The pread_file/3 is parallelized, it always opens new File process for each reading process instead of sharing one opened File process during all reading processes. The read_file/3 is non-parallelized.

To evaulate: (run at least two-time for each test to average disk/IO caches.)

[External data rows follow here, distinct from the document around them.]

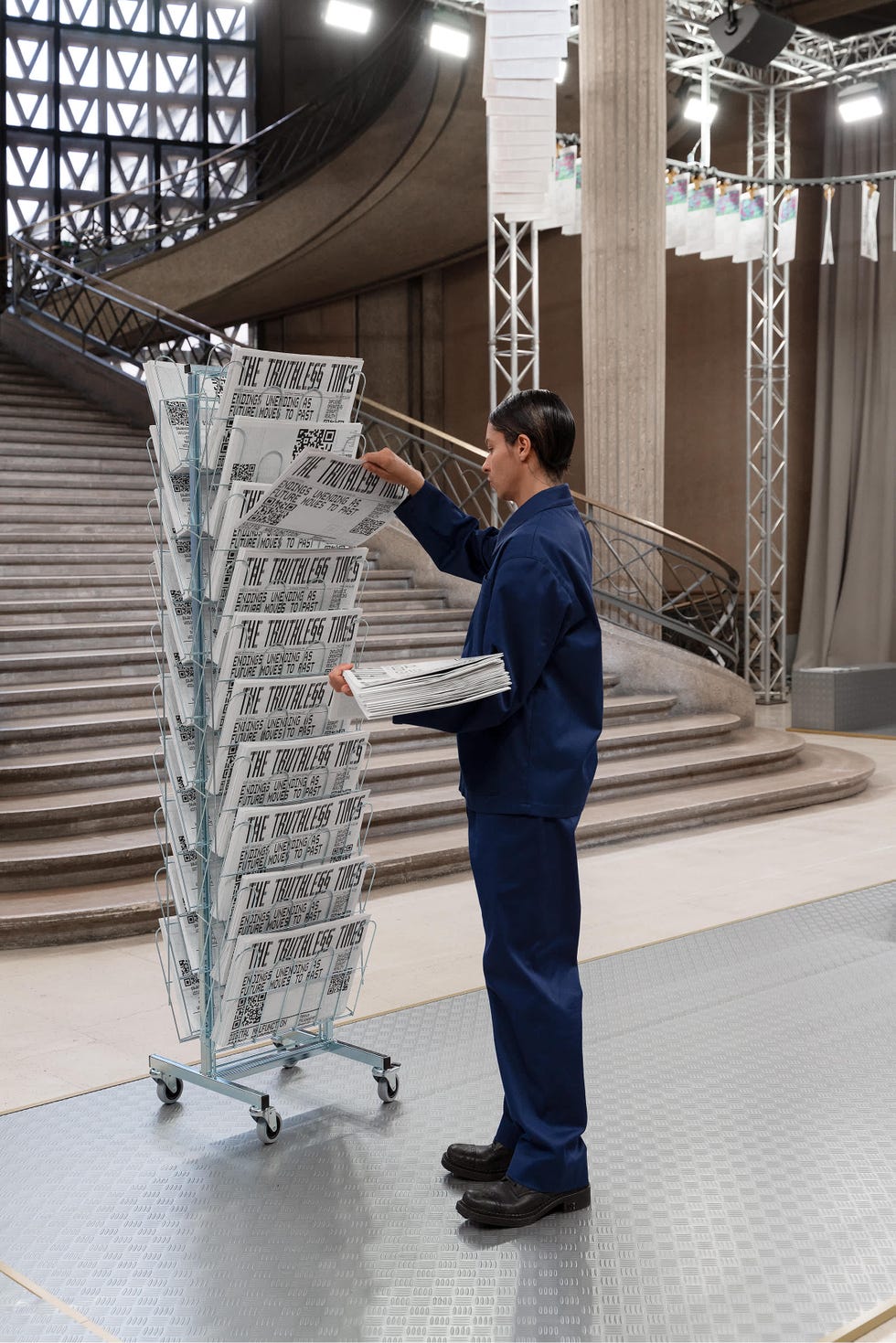 woman grabs newspapers at exhibition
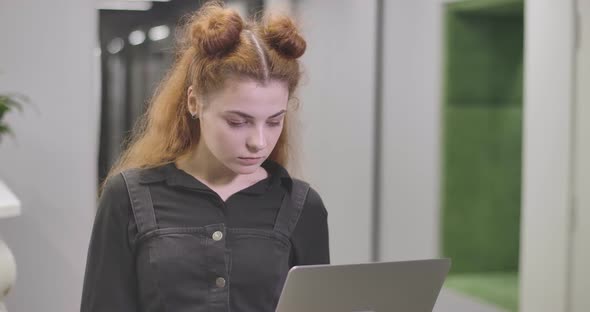 Close-up of Confident Redhead Caucasian Woman Typing on Laptop Keyboard, Looking at Camera and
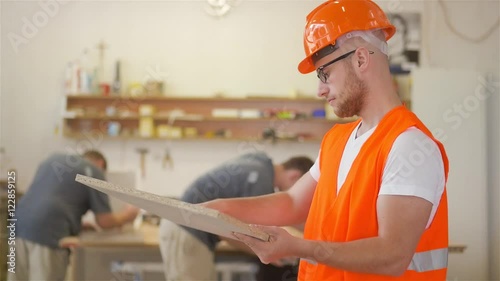 A carpenter is looking at the wooden desk in carpentry shop.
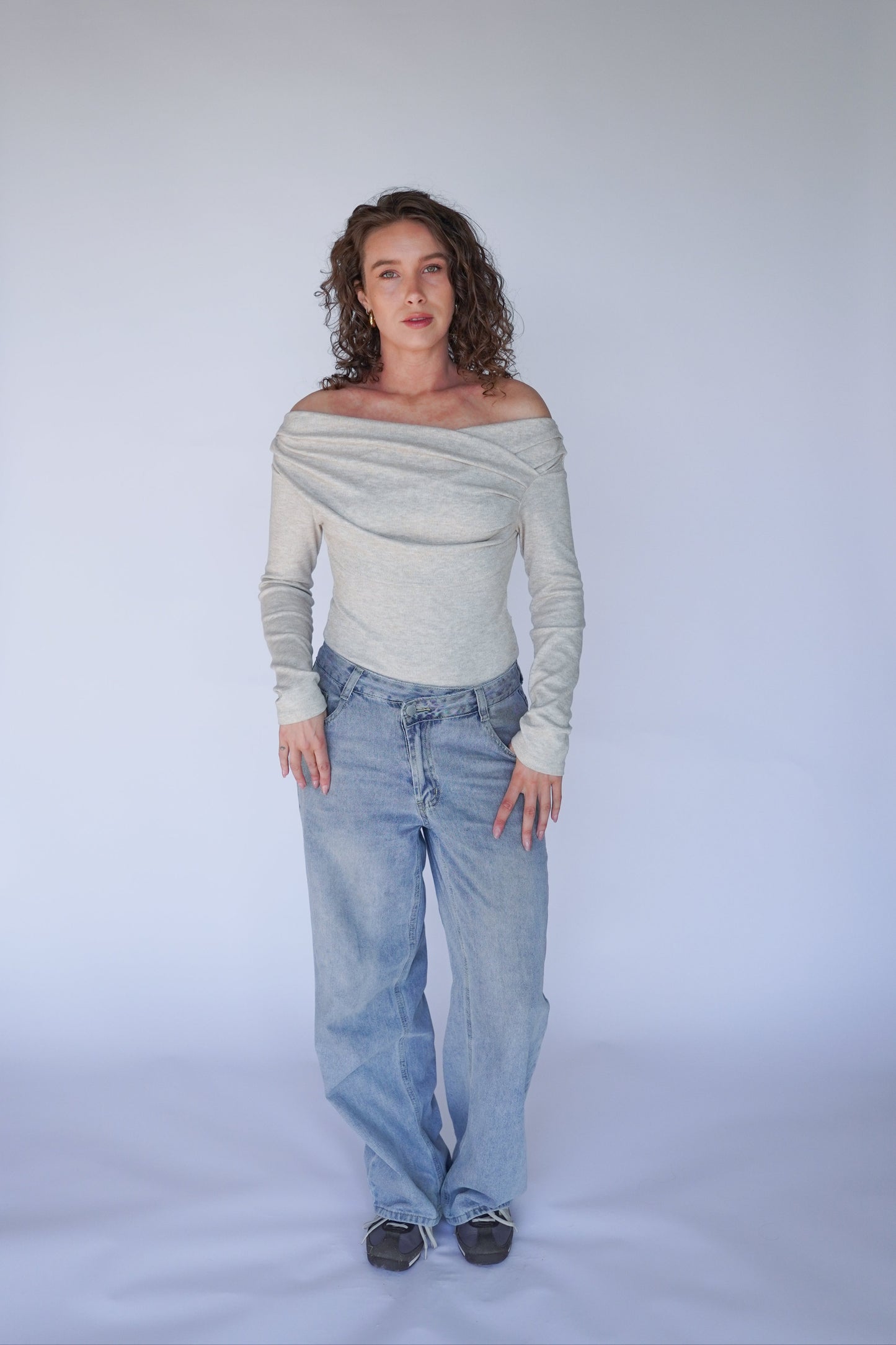 Woman wearing a light gray off-shoulder top and blue jeans against a plain background.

$ erlc -smp file_pread.erl
$ erl -smp

1> file_pread:start("o100k.ap", 2).
time:     691.72 ms
time:      44.37 ms
[ok,ok]
2> file_pread:start("o100k.ap", 2).
time:      74.50 ms
time:      43.59 ms
[ok,ok]
3> file_pread:start("o1000k.ap", 2).
time:    1717.68 ms
time:     408.48 ms
[ok,ok]
4> file_pread:start("o1000k.ap", 2).
time:     766.00 ms
time:     393.71 ms
[ok,ok]
5> 

Let's compare the results for each file (we pick the second testing result of each), the speedup:

  • o100k.ap, 20M, 74.50 / 43.59 - 1= 70%
  • o1000k.ap, 200M, 766.00 / 393.71 - 1 = 95%

On another 4-CPU debian machine, with 4 processes, the best result I got:

4> file_pread:start("o1000k.ap", 4).
time:     768.59 ms
time:     258.57 ms
[ok, ok]
5>

The parallelized reading speedup 768.59 / 258.57 -1 = 197%

I've updated my first solution according to this testing, opening new File process for each reading process instead of sharing the same File process. Of cource, there are still issues that I pointed in Tim Bray's Erlang Exercise on Large Dataset Processing - Round II

Although the above result can also be achieved in other Languages, but I find that coding parallelization in Erlang is a pleasure.

Comments

1. igwan -- 2007-10-10 09:00

How does it compare with file:read_file (whole file at once) or raw file:read (in chunks but limited to one process accessing the file) ?

2. Caoyuan -- 2007-10-10 09:00

igwan,

file:read_file for the same o1000k.ap (200M size) took about 750ms, it's almost same as file_pread:read_file/3.

The [raw, binary] option affects very few in this case, it may speedup in some cases, but I'm not sure.

And file module has pread/2 in form of pread(IoDevice?, LocNums?), where LocNums? = [{Location, Number}], which acts according to the doc: "Performs a sequence of pread/3 in one operation, which is more efficient than calling them one at a time." This may work for a lot of pieces chunks to be read with known position/length pairs, but it reads via the same File process, so, it acts still in sequence instead of in parallel.